* INSTRUCTIONS TO FOLLOW:
Please reproduce all of the data exactly as it appears, but skip the pictures.

* EXCERPTED RECORDS:
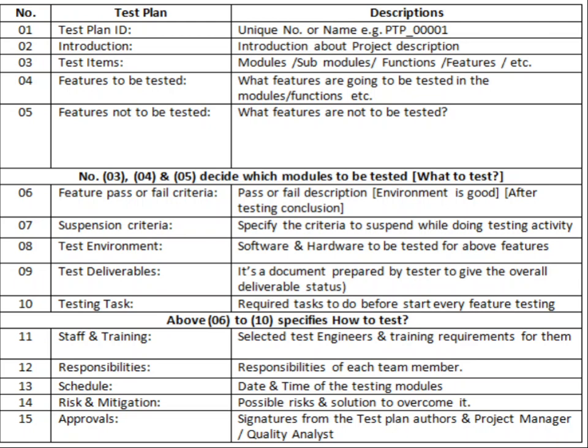It also defines what the different steps are for the testing operation, whether training is required for staff, the responsibilities of each team member, the schedule, risk and mitigation, and approval.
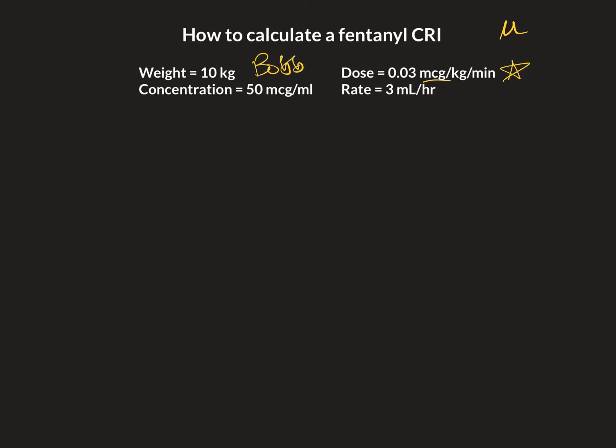So our example today, let's call him little Bobby. Bobby weighs 10 kilos. He's going to get 0.03 micrograms per kilogram per minute, and he's going to get that fentanyl CRI at a rate of three mils per hour. I've chosen to do it this way because it will allow us to titrate the dose more easily — you've got three and three, so adjusting the rate up or down will allow us to titrate a bit more precisely.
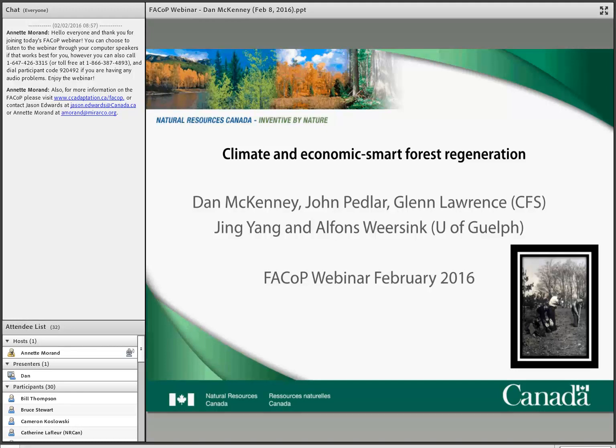Dan has also worked for the Ontario Ministry of Natural Resources and the Australian Centre for International Agricultural Research. He has a PhD in Forest Economics and Policy from the Australian National University, a Master's in Resource Economics from the University of Guelph, and a Bachelor of Science in Forest Science from Texas A&M University. On behalf of everyone joining us, I'd like to extend a very warm welcome to you, Dan, for taking the time to present this webinar for us today. I will now hand things over to you.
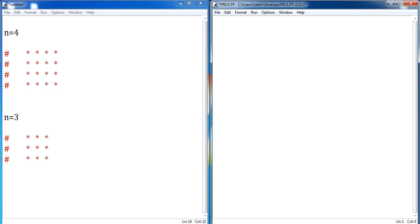Hello everyone. Welcome to my channel Techiesugan. In this video we are going to learn about problem solving on patterns. We are going to accept a number from the user, and depending upon the value we are going to draw a pattern. In this program we are supposed to draw a square pattern.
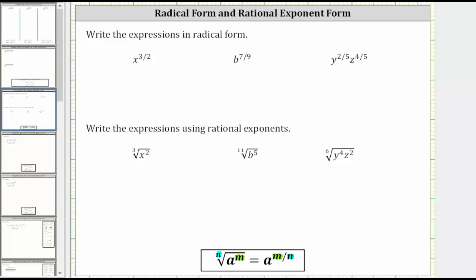In this video, we will practice converting from rational exponent form to radical form, and from radical form to rational exponent form. Looking at the notes below, we have the nth root of a raised to the power of m equals a raised to the power of m divided by n. Notice how the index of the radical is the denominator of the rational exponent, and the exponent on a is the numerator of the rational exponent.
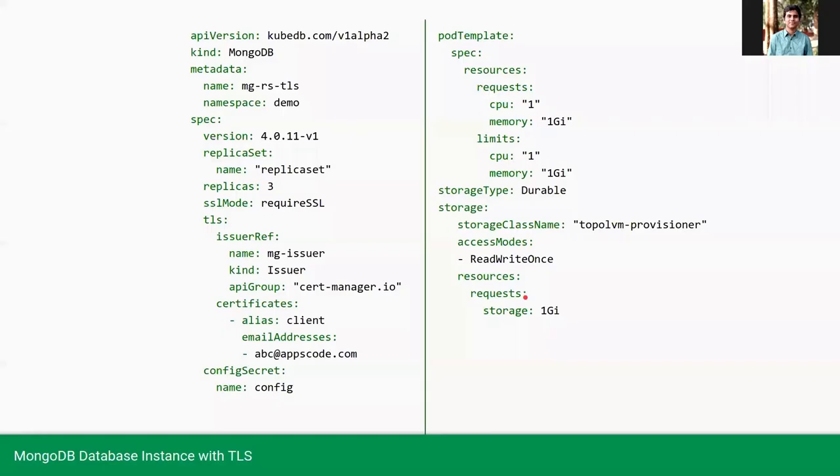Now let's provision our MongoDB. This is the YML of the MongoDB.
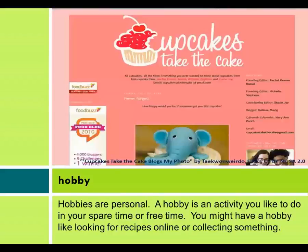Hobbies are personal. A hobby is an activity you like to do in your spare time or free time. You might have a hobby like looking for recipes online or collecting something.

* OUTPUT OF THE TASK:
It also defines what the different steps are for the testing operation, whether training is required for staff, the responsibilities of each team member, the schedule, risk and mitigation, and approval.
So our example today, let's call him little Bobby. Bobby weighs 10 kilos. He's going to get 0.03 micrograms per kilogram per minute, and he's going to get that fentanyl CRI at a rate of three mils per hour. I've chosen to do it this way because it will allow us to titrate the dose more easily — you've got three and three, so adjusting the rate up or down will allow us to titrate a bit more precisely.
Dan has also worked for the Ontario Ministry of Natural Resources and the Australian Centre for International Agricultural Research. He has a PhD in Forest Economics and Policy from the Australian National University, a Master's in Resource Economics from the University of Guelph, and a Bachelor of Science in Forest Science from Texas A&M University. On behalf of everyone joining us, I'd like to extend a very warm welcome to you, Dan, for taking the time to present this webinar for us today. I will now hand things over to you.
Hello everyone. Welcome to my channel Techiesugan. In this video we are going to learn about problem solving on patterns. We are going to accept a number from the user, and depending upon the value we are going to draw a pattern. In this program we are supposed to draw a square pattern.
In this video, we will practice converting from rational exponent form to radical form, and from radical form to rational exponent form. Looking at the notes below, we have the nth root of a raised to the power of m equals a raised to the power of m divided by n. Notice how the index of the radical is the denominator of the rational exponent, and the exponent on a is the numerator of the rational exponent.
Now let's provision our MongoDB. This is the YML of the MongoDB.
Hobbies are personal. A hobby is an activity you like to do in your spare time or free time. You might have a hobby like looking for recipes online or collecting something.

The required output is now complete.